Bradley's Maths

Solution

This is a fairly straightforward probability question that is likely to turn up in the middle of one of your exam papers and it can be either calculator or non-calculator. The only difficulty with this question is I haven't provided a diagram. In the exam you will usually get one that you need to fill in some of the probabilities on, but if they don't give you a tree diagram, sketch one for yourself - that is exactly what I did in the video, its quick and its simple.

The diagram is shown below:

The diagram doesn't need to be fabulous just a rough sketch like this is perfectly acceptable. There are no marks for it but it is enough to help you get full marks for the question.

Part a) asks for the probability of two reds. This is the top line in the tree and we multiply along the lines. We should remember that this is without replacement and so the second fractions have all been altered - there is one less sweet of whatever colour was taken and there is one less sweet in the bag.

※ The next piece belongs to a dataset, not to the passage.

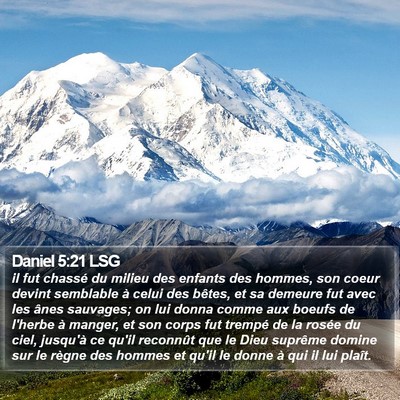 Daniel 5:21 LSG Bible Verse Image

$$P(r, r)= \dfrac{3}{8}\times\dfrac{2}{7} = \dfrac{6}{56} = \dfrac{3}{28}$$

Part b) asks for the probability of one of each. There are two ways to take one of each sweet, first red then green or first green then red. Once again we multiply along the lines but we add between the lines

$$P(\text{one of each}) = \dfrac{3}{8}\times\dfrac{5}{7} + \dfrac{5}{8}\times\dfrac{3}{7} = \dfrac{30}{56} = \dfrac{15}{28}$$

Finally in part c) we are looking for the probability of at least one of the sweets being green. There are two ways to look at this problem, the hard way is to work out the probability of the first sweet being green, add the probability of the second being green and then add the probability of both sweets being green. The easier way to look at it is, if one has to be green they cannot both be red, so we take the probability of both red (which we worked out in part a) away from 1 (the sum of all probabilities).

$$P(\text{at least one green})= 1 - P(r,r) = 1 - \dfrac{3}{28} = \dfrac{25}{28}$$